Soldier testing for Phase III is slated to take place mid-fiscal 2023 with the same number of MET-Ds and M113 surrogate vehicles, but will instead have four medium and four heavy purpose-built RCVs.

“This is the first demonstration which we will be out of the surrogate realm and fielding purpose builts,” Wallace said, adding the vehicles will conduct a combined arms breach.

The major said he was impressed with how quickly Soldiers learned to control the RCVs during the Robotic Combined Arms Breach Demonstration in May at the Yakima Training Center in Washington.

“Soldiers have demonstrated an intuitive ability to master controlling RCVs much faster than what we thought,” he said. “The feedback from the Soldiers was that after two days they felt comfortable operating the system.”

There are still ongoing efforts to offload some tasks in operating RVCs to artificial intelligence in order to reduce the cognitive burden on Soldiers.

“This is not how we’re used to fighting,” Centeno said. “We’re asking a lot.
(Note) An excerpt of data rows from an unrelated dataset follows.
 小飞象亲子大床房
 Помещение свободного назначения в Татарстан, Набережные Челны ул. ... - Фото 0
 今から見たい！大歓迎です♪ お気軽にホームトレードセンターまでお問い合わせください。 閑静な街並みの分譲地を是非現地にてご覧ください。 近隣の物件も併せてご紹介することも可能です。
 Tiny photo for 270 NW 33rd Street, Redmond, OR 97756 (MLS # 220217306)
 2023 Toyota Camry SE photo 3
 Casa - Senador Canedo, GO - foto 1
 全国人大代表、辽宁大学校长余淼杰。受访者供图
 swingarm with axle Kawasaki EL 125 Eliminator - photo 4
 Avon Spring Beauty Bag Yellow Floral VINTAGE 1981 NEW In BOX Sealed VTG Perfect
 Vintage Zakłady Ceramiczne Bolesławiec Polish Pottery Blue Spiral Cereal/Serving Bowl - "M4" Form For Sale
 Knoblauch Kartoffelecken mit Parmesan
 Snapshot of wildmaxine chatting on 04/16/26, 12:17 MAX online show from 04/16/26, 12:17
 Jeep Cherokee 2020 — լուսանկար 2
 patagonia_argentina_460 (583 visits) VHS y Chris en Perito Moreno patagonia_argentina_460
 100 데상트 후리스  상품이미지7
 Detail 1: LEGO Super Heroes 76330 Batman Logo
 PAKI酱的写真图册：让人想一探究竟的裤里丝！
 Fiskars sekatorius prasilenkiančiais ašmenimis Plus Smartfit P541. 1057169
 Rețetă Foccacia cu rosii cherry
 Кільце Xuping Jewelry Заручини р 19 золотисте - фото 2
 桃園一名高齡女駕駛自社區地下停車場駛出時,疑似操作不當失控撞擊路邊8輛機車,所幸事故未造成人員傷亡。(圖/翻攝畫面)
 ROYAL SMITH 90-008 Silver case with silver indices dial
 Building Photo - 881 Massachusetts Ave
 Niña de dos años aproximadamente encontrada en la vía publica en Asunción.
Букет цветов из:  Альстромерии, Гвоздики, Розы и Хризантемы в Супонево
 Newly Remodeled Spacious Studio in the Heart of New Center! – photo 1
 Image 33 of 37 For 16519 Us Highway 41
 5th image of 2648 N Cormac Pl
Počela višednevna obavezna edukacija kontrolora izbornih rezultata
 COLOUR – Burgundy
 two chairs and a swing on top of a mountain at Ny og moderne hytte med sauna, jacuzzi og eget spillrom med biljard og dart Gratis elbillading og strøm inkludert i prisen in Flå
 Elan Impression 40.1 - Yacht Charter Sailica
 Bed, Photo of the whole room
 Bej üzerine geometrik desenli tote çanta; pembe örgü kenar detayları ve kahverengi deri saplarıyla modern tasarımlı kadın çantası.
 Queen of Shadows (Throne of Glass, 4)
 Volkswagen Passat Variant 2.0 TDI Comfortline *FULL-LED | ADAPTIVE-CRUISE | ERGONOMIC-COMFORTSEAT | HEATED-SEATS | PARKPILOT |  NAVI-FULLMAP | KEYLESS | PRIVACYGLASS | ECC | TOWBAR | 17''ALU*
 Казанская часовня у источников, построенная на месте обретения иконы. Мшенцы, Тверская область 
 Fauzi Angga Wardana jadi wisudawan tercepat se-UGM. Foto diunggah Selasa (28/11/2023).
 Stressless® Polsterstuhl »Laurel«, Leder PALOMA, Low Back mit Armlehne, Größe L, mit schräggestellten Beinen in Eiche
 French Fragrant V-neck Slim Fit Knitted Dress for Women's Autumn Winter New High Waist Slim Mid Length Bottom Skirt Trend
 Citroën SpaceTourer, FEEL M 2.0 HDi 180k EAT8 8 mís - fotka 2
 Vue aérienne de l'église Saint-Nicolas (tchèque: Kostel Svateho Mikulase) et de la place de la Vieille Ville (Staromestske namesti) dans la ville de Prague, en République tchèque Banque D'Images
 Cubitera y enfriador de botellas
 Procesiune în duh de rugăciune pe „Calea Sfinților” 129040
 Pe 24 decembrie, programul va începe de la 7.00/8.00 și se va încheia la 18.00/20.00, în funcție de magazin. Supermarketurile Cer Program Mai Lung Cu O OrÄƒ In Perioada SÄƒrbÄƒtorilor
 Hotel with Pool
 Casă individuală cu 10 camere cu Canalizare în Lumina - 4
We’re putting a lot of sensors, putting a lot of data in the hands of Soldiers. We want to see how that impacts them. We want to see how it degrades or increases their performance.”

The family of RCVs include three variants. Army officials envision the light version to be transportable by rotary wing. The medium variant would be able to fit onto a C-130 aircraft, and the heavy variant would fit onto a C-17 aircraft.

Both future and legacy armored platforms, such as the forthcoming Mobile Protected Firepower “light tank,” could influence the development of the RCV heavy.

With no human operators inside it, the heavy RCV can provide the lethality associated with armored combat vehicles in a much smaller form. Plainly speaking, without a crew, the RCV heavy requires less armor and can dedicate space and power to support modular mission payloads or hybrid electric drive batteries, Wallace said.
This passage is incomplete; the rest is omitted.